Journaling Through Grief, Part 5 – Managing Loneliness 3

ONE OF THE ASPECTS of grief we don’t often talk about is the great sense of loneliness that can descend upon you, even when you are surrounded by supportive people. No one seems to understand what you are going through, or their responses seem inappropriate or cold. You begin to doubt yourself, feeling that you don’t know who you are anymore without that person or purpose in your life. You look around, seeing how much everyone else has — the love and purpose and connection that you will never have again — that they take for granted. And it makes you want to scream at everyone to pay attention and be grateful for what they have because they could lose it any day.

What is loneliness? The dictionary defines loneliness as “sadness because one has no friends or company,” but this definition is woefully incomplete. Rather, loneliness is a complex emotion in response to a subjective sense of emotional isolation. So, though we tend to associate loneliness with being physically alone, the truth is that loneliness can be felt at all times, and is not dependent upon the number of people we interact with.

young woman feeling alone amid a crowd of people in a big city

Loneliness depends on the quality of your relationships and how emotionally connected you feel with those around you. If you feel disconnected or misunderstood or emotionally unfulfilled by your relationships, it will seem as though you are on an emotional island.

Complicating things, loneliness is often paired with depression, distorting your perception of relationships and causing you to devalue them. So, if you’re feeling lonely, you will tend to disconnect, withdraw from, and push away the very people who care about you and who could emotionally support you if you let them.

Extended and chronic loneliness can even be as dangerous to your health as smoking: it has been shown to suppress the immune system, making you more vulnerable to illness; increase blood pressure, cholesterol, and risk of cardiovascular disease; and increase risk of early death by 14%.

Even knowing about all these negative effects, in your grief you may feel your loneliness is an inevitable and now integral part of life. Who or what you desire has been such an important part of your sense of self and identity, this loss creates an emptiness that nothing and no one can fill. There are parts of your life that no longer seem relevant. What do you do with them? How do you go on doing all the activities you used to do without that person or purpose in your life?

And once you begin thinking that no one else can help and that you are entirely on your own, you may begin guarding against others or interpreting their actions and words negatively — in short, you begin distancing yourself from others, thus unconsciously perpetuating loneliness.

The good news is that loneliness can be overcome. However, it will require both a desire for change and conscious efforts on your part.
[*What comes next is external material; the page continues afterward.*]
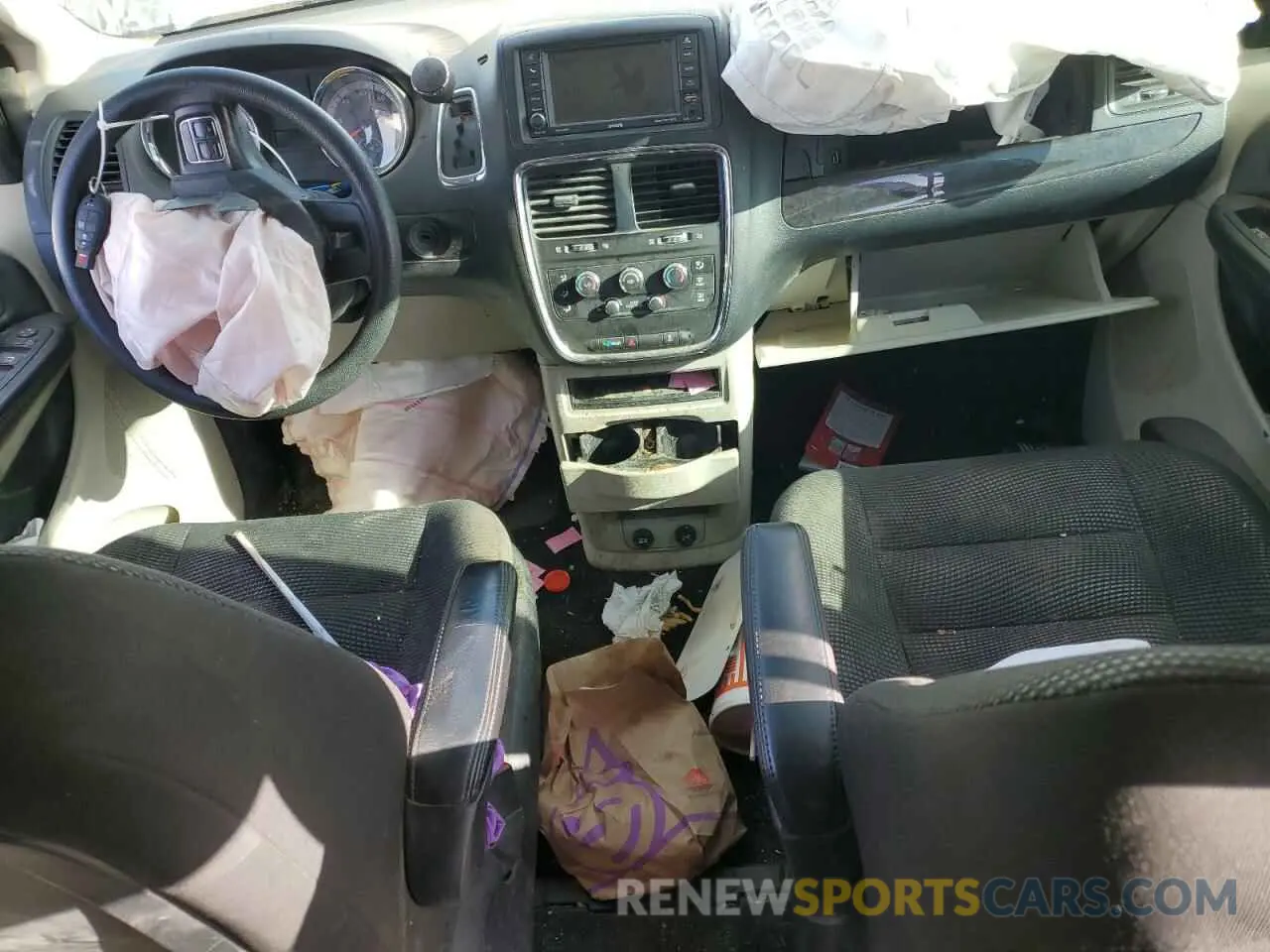8 Photograph of a damaged car 2C4RDGBGXLR221811 DODGE CARAVAN 2020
Positive ways to cope with loneliness:

  • First, acknowledge your feelings of loneliness, recognize that extended loneliness is unhealthy and that something needs to change.
  • Make an action plan for connecting with others. Though the very concept of an “action plan” may seem like a cold approach to solving an emotional issue, it’s important to know that you have control and the ability to take action for positive change in your life. Make a list of family members and friends you want to reconnect with and social events you want to attend (or think would be good for you to attend).
  • Reach out to others. Though this will go against your natural tendencies when you are feeling lonely, it’s important to reach out by calling a friend to talk, attending events, and — even more effective — volunteer for an activity in your community that involves a social setting. Helping others, having that feeling of giving back, can motivate you to connect with others again. Helping those who are less fortunate than yourself can be a great way to get out of your own head and emotions.
  • Get involved in a social group with a common interest, such as a book or exercise club. Write down a list of hobbies you have or are interested in (or were once interested in), then look for groups that meet in your area. Being part of an interest-based group will do two positive things for you: help to focus on an external activity instead of your emotions and forge connections with new people.
  • Actively seek warmth and connection with others and expect the best. This is important because if you go to an event or join a club with the expectation of metaphorically hiding in a corner, you will only confirm and exacerbate your current sense of isolation. Instead, focus on the positive aspects of any social interactions you have. As part of this expect-the-best attitude, choose to surround yourself with people who are warm, friendly, and positive, and who can further your growth, rather than those who are negative and will only bring you down.
  • Eat comfort food. Surprisingly, eating or even thinking about comfort food — food that is associated with good memories and connections with others — can actually make you feel less lonely.
  • And, of course (since this is a blog about journaling), journal about your feelings of loneliness and how you are managing them. Write about your action plan and the efforts you are making, as well as your responses and reactions to others in social situations. Journaling will help you process your thoughts and emotions and provide intuitive self-support in your journey back to social connections with others.


Finally, remember that you are not alone in your loneliness and that the loneliness you are experiencing will not last forever.

All of us are searching for others who can help fill some of the emptiness we feel and who can understand us. Yet, real change — true healing — must come from the inside out. During this process, remember to be kind and compassionate with yourself. You are dealing with an enormous shift in your life. Acknowledge yourself for doing the very best you can — that is all you can or ever need to do.